日銀短観 急激なコスト上昇 価格に十分転嫁できず 収益圧迫

日銀が発表した、短観=企業短期経済観測調査では、企業の間で急激なコストの上昇分を製品やサービスの価格に十分に転嫁できておらず、収益が圧迫されている状況が改めて浮き彫りになりました。

日銀が1日に公表した短観によりますと、
▽大企業の製造業の仕入れ価格の動向を示す「仕入価格判断」はプラス65で、前回3月調査から7ポイント上昇し、42年ぶりの高い水準となりました。

これに対し、
▽製品の販売価格の動向を示す「販売価格判断」は、前回から10ポイント上昇し、プラス34でした。

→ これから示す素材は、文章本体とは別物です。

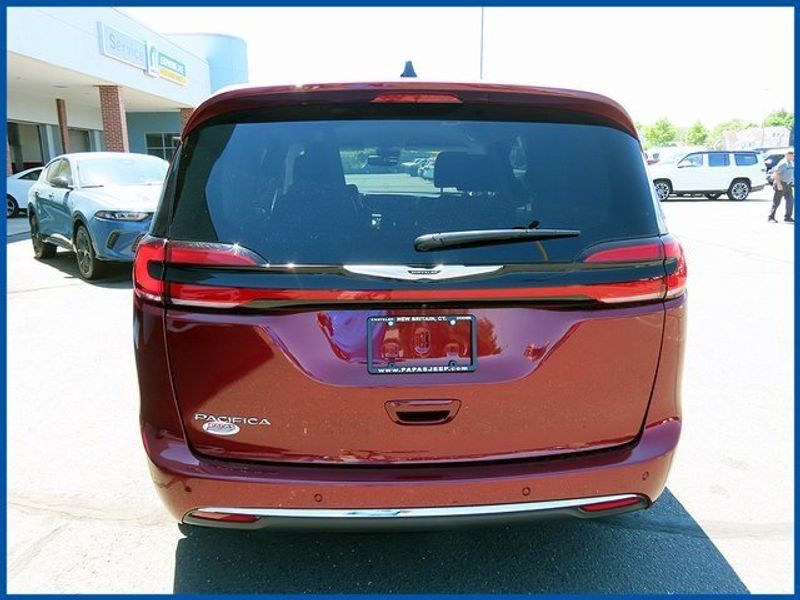 2023 Chrysler Pacifica Touring LImage 6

この結果、仕入と販売の指数の差は31となり、前回からやや縮小したものの依然として開きは大きくなっています。

また、
▽大企業の非製造業の「仕入価格判断」はプラス43で、前回から8ポイント上昇し、統計開始以来、最も高くなりました。

これに対し「販売価格判断」はプラス19で、6ポイントの上昇にとどまり、仕入と販売の指数の差は前回より広がって24となりました。

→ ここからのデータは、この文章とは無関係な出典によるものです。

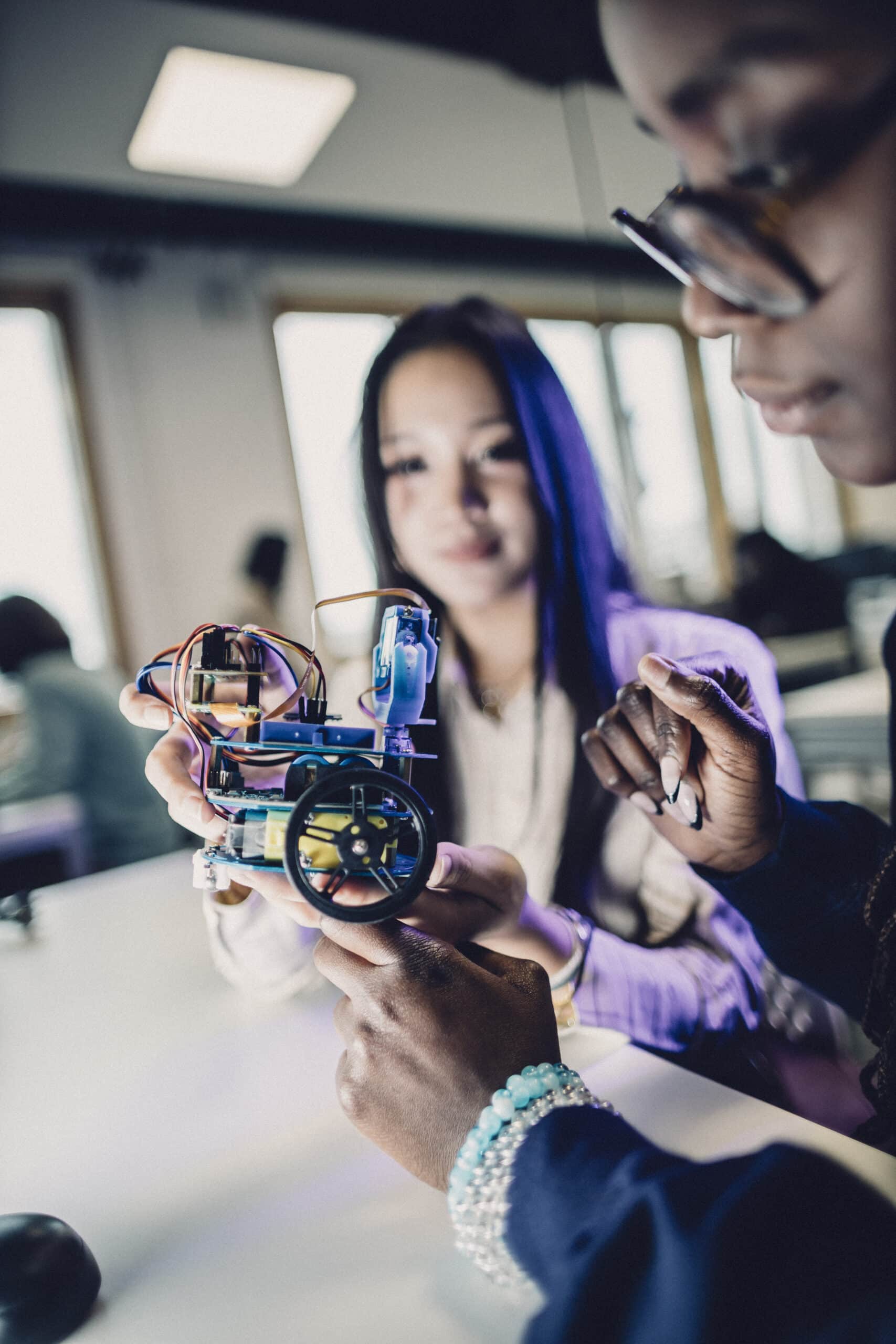 Etudiants esiea avec esieabot, le robot pédagogique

製造業と非製造業いずれも、原材料などの急激なコスト上昇分を製品やサービスの価格に十分に転嫁できておらず、収益が圧迫されている状況が続いていることが改めて浮き彫りになりました。

日銀では「企業の間で値上げの動きは徐々に広がっているが、より消費者に近いいわゆる川下の企業ほど転嫁ができていない現状があり、今後の景況感に与える影響を注意深く見ていく」としています。